Andray Abrahamian on 38 North explores the option of a travel ban in response to the murder of Otto Warmbier, and comes out somewhat against it:
More importantly, tourism has had a real impact on the class of people we need to connect with the most in the long term: middle and upper middle-class residents of Pyongyang. There has been a profound change in social attitudes among the community of citizens that are authorized to deal with foreigners in Pyongyang. In the past decade, there has been increased curiosity, cosmopolitanism, and open-mindedness among members of this group. In addition, these people have friends and friends of friends who also experience the outside world more, mostly through commercial ties with China. These people may not be able to change the country overnight, but they are its most important constituency for change, and in the long run, will become even more important.
Finally, tourism has been an extremely useful source of information for the community of Korea watchers. Tourists often identify and provide valuable insights into social and economic changes in a way that wasn’t possible before. Cutting off this source of information would be a loss for Korea analysts.
Tourism hasn’t been the engine for change that some hoped it might be, perhaps unrealistically, when North Korean officials began talking it up in the mid-1990s. But it is not without its benefits. Thus, any decision to try to curtail US or other tourism to North Korea should not be taken lightly. It would be a satisfying and justifiable moral rebuke and may somewhat reduce leverage that Pyongyang occasionally exploits in its relationship with the United States.
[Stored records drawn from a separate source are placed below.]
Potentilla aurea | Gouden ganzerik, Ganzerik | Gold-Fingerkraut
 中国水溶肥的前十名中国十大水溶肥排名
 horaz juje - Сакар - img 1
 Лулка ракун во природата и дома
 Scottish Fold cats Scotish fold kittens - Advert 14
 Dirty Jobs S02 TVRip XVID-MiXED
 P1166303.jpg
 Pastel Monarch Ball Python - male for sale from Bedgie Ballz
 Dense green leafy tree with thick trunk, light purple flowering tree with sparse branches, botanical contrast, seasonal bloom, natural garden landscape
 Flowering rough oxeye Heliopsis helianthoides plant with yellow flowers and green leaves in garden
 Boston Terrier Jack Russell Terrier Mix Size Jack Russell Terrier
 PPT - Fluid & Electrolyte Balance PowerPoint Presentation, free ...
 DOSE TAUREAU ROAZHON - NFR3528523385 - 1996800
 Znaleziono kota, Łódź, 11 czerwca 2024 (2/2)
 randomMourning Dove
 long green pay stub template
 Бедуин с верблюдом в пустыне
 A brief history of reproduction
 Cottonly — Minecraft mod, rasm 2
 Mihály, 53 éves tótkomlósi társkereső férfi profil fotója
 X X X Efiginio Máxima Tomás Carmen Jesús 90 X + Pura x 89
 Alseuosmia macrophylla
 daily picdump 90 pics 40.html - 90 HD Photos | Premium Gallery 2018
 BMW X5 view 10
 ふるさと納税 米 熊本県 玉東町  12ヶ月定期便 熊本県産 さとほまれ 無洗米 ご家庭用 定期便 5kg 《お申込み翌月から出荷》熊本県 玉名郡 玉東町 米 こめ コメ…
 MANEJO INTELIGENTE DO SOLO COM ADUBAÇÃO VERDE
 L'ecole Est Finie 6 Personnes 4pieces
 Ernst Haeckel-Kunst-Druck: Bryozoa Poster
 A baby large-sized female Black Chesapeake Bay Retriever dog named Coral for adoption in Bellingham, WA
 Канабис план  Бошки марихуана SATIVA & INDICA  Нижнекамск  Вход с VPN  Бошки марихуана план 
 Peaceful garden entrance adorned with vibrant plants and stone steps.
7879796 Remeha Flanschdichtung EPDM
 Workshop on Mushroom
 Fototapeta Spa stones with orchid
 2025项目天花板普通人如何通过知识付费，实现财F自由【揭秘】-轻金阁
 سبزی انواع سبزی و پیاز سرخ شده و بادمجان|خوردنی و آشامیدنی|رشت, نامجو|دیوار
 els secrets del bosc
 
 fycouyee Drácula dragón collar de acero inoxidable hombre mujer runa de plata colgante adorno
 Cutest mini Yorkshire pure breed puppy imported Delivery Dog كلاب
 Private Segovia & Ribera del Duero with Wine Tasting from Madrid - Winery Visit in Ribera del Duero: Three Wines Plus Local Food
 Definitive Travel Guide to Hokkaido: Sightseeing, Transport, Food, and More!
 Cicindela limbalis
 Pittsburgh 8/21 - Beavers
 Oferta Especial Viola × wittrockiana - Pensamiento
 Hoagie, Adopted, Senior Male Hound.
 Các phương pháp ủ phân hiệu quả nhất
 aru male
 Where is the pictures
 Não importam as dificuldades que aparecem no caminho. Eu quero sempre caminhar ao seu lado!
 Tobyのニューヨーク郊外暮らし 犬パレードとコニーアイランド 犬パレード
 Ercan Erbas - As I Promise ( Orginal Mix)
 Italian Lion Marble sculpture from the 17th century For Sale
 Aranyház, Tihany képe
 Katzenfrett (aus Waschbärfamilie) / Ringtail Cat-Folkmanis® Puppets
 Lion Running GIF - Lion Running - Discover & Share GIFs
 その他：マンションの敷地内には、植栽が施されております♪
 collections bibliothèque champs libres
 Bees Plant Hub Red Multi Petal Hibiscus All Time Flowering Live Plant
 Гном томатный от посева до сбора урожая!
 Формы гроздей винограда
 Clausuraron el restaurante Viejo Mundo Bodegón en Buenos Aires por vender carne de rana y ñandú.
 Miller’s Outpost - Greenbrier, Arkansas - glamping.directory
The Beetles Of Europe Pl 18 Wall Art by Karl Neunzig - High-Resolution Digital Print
It could also prevent the next Otto Warmbier from making a minor mistake that ends up being costly beyond words. However, it would also make people in an isolated place a little less connected to the outside world and harder to understand. Like so much when it comes to North Korea, every option has downsides.
I suppose this could be considered part of the strategic patience option pursued by the Obama Administration, giving the regime an opportunity to change while applying pressure that attempts to shape that change. Will the Trump Administration understand that? Will they still feel that the murder of Warmbier requires some sort of action that is more than giving North Korea the middle finger on Twitter?
And that metaphor spurs another thought. The Trump Administration’s loss of prestige has made the North Korean situation more dangerous because it’s more difficult to guess how the Kim regime monarchy will react to an insult from a country with a depressed prestige level, especially when the North Koreans Kim may perceive the North Korean prestige greatly enhanced due to their advancements in missile, nuclear, and computer technology. But I’m not sure who’s in greater danger – the United States or North Korea.